The need for pension reform has been clear for years, but few public pension funds have followed through. As the industry deals with fallout from the coronavirus, The Institute for Pension Fund Integrity (IPFI) has some suggestions about pension reform.
Bailouts could lead to pension reform
In a recent report, the IPFI suggested something many lawmakers find unacceptable: bailouts for public pension funds. Numerous public funds are in a precarious position following this latest downturn, so the institute believes more and more states will seek bailouts from the federal government.
Illinois lawmakers have already called for $40 billion in assistance, including $10 billion for its public pension funds. New Jersey lawmakers have also called for a $500 billion federal loan program to support their state's public pensions.
The IPFI notes that any federal move to rescue pensions that have been underfunded for a long time would face severe political backlash what would effectively amount to a bailout for poorly managed pensions and fund managers who never wanted to take actions to address their problems.
However, despite the federal backlash, the scale of the issue may be so bad that federal support may be inevitable due to the high risk of insolvency in several states. If a bailout occurs, the federal government may then demand meaningful pension reforms, which public officials have so far refused to consider.
States could declare bankruptcy
Senate Majority Leader Mitch McConnell has previously said they could allow states to file for bankruptcy in response to the pension crisis. He believes states should be allowed to go bankrupt instead of receiving bailouts for their underfunded pension funds.
Dr. Walter Lane of the University of New Orleans, a bankruptcy expert, has written that the states which are thinking about bankruptcy are those that face steep pension commitments. If these states do file for bankruptcy, public pension beneficiaries would see their benefits cut entirely.
At this point, states are prohibited from filing for bankruptcy. That means states would have to follow a long process that ends at the Supreme Court. An alternative would be if Congress passes new legislation allowing them to file for bankruptcy.
Before bankruptcy, states will cut programs like Medicaid and higher education. They could also liquidate their parks and buildings. Even though bankruptcy is a last-ditch effort, the constitutional validity of allowing it will be questioned.

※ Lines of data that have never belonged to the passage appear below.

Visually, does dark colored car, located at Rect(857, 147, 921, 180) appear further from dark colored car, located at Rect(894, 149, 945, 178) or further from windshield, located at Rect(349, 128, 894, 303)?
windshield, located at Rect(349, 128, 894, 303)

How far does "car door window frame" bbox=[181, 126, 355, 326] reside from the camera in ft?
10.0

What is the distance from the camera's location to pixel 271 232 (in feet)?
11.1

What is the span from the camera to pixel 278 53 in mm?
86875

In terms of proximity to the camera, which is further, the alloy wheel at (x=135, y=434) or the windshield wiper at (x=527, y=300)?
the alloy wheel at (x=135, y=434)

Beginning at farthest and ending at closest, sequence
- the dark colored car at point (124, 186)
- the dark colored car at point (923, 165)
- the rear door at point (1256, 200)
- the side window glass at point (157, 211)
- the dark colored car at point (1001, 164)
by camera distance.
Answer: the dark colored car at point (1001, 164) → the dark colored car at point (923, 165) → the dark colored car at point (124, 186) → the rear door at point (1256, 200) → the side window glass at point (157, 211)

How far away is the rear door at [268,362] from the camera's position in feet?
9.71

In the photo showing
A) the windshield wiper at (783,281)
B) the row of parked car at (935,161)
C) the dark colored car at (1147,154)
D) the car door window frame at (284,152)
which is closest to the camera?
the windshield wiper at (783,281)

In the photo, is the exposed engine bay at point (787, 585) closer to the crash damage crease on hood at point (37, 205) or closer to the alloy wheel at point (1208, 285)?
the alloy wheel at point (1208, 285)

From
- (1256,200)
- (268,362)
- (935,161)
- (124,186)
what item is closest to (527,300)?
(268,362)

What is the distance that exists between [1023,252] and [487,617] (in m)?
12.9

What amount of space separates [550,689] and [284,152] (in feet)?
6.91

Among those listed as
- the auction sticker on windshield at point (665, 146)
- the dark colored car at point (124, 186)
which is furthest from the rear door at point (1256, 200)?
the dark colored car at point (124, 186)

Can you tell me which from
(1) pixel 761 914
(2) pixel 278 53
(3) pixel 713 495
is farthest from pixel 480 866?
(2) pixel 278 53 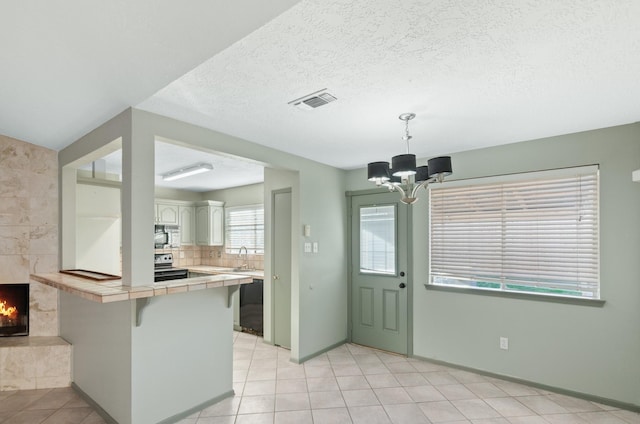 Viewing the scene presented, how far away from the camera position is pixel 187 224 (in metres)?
6.52

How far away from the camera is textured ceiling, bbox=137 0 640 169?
1487 millimetres

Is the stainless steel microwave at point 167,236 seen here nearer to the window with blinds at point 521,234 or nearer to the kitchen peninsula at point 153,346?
the kitchen peninsula at point 153,346

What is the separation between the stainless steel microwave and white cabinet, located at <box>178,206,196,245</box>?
0.11 m

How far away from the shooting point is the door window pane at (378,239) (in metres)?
4.36

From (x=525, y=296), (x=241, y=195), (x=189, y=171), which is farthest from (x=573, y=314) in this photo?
(x=241, y=195)

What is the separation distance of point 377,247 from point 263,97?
276 cm

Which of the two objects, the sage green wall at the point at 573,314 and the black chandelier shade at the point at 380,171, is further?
the sage green wall at the point at 573,314

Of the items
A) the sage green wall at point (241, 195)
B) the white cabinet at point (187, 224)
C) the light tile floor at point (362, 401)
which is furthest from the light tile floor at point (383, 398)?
the white cabinet at point (187, 224)

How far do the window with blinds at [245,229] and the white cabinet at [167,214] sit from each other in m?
0.93

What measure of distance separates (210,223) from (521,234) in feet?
16.5

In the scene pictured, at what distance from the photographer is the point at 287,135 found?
3182mm

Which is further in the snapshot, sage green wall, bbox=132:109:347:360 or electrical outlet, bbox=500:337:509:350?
sage green wall, bbox=132:109:347:360

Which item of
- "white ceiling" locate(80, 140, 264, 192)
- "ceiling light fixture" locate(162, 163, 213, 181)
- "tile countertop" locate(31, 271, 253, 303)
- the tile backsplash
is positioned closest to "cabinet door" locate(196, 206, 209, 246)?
the tile backsplash

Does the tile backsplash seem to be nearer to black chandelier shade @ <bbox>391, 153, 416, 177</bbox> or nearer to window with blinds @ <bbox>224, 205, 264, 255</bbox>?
window with blinds @ <bbox>224, 205, 264, 255</bbox> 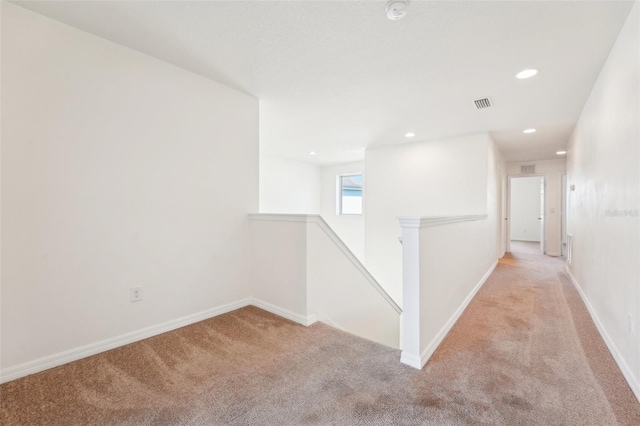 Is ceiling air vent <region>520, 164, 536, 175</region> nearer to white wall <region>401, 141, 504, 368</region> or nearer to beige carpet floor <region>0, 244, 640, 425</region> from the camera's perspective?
white wall <region>401, 141, 504, 368</region>

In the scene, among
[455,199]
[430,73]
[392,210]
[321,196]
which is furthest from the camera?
[321,196]

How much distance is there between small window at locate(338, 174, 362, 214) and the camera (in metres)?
7.47

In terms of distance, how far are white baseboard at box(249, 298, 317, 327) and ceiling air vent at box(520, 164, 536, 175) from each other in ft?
22.2

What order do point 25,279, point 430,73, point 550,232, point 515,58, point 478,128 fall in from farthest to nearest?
point 550,232
point 478,128
point 430,73
point 515,58
point 25,279

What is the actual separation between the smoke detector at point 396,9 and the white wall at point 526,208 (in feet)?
30.6

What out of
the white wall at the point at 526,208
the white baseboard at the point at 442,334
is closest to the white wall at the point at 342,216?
the white baseboard at the point at 442,334

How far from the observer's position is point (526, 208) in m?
9.10

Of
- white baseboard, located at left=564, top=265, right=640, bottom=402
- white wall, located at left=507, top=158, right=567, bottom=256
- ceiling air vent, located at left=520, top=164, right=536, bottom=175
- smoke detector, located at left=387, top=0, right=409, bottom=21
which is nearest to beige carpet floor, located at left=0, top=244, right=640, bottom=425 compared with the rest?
white baseboard, located at left=564, top=265, right=640, bottom=402

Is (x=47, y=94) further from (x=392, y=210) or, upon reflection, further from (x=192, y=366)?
(x=392, y=210)

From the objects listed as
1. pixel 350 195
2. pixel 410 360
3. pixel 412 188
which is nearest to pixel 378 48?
pixel 410 360

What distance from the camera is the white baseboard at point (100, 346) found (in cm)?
172

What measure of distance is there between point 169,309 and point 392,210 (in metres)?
4.03

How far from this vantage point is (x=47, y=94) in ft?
5.98

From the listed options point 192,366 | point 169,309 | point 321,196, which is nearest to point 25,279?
point 169,309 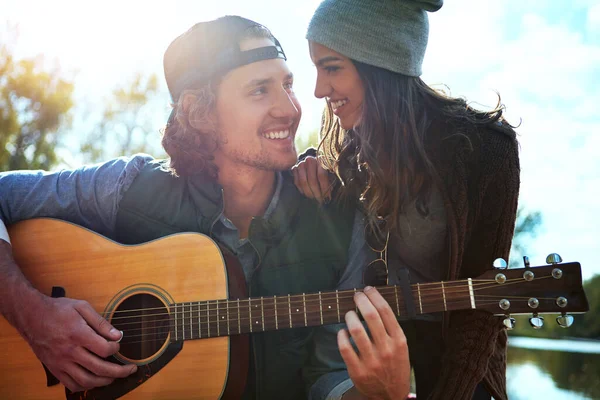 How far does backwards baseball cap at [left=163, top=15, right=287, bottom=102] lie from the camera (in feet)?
8.02

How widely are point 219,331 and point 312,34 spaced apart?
1305 millimetres

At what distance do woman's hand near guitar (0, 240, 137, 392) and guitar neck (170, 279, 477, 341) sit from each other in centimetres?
26

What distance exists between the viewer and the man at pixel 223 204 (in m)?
2.05

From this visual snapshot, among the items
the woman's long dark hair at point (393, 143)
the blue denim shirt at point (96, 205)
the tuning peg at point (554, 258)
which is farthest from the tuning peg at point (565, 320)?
the blue denim shirt at point (96, 205)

Pension reforms to focus on fiduciary responsibility
The IPFI also suggested that the pension reforms could turn fund managers' attention back to their fiduciary duty obligations. That would mean the fund managers are required to make investment decisions designed to maximize returns instead of pursuing an alternative agenda.
In recent years, the institute has said that there's been a concerning trend among some fund managers, who have begun to prioritize their social or political considerations over maximizing returns. The IPFI said calls for divestment from certain industry and a focus on ESG may have immediate political benefits for some public officials, but they don't protect the long-term stability of pension funds.
The IPFI called attention to the California Public Employees' Retirement System (CalPERS), which went from a $3 billion surplus to a $140 billion deficit over 10 years. The fund has been criticized because it has focused more on investing in green companies instead of on generating stable returns. The IPFI noted that CalPERS averaged a 6.7% return in fiscal 2019, while the S&P 500 and the Vanguard 500 index fund generated returns of more than 30%.
Following the coronavirus economic downturn, there has been a renewed push to include ESG products in pension funds as proponents claimed that such funds have been outperforming traditional investment products. However, the IPFI reports that this hasn't been the case as ESG scores offered limited explanation of positive returns during the pandemic and failed to shield funds from falling stock prices.
Pension reforms around assumed returns and risk
The IPFI added that if there is one key takeaway for public pensions from the COVID-19 crisis, it should be that the trend of investing in riskier assets to offset current shortfalls through higher expected returns in the future can backfire.
Fund managers don't seem to be factoring in any risk of economic crisis or recession into their projections. The IPFI called on public officials to move toward realistic actuarial assumptions for calculations of future pension fund growth and required contribution levels.
The institute also called for wider use of stress testing as only 10 states require stress testing for pension funds. It said those states are better positioned to adjust their projections and implement other forward-thinking policies to stabilize growth and local budgets.
Pension clauses in state constitutions
The IPFI also noted that several state constitutions include classes preventing a reduction in pension benefit payments. However, those clauses hinder the options available to public officials who are dealing with unfunded pension liabilities. Due to the nature of the economic crisis, the IPFI believes public officials should rethink these clauses.
The institute also argues that states should also more carefully examine legislation that expands benefits when those decisions can't be reverted easily.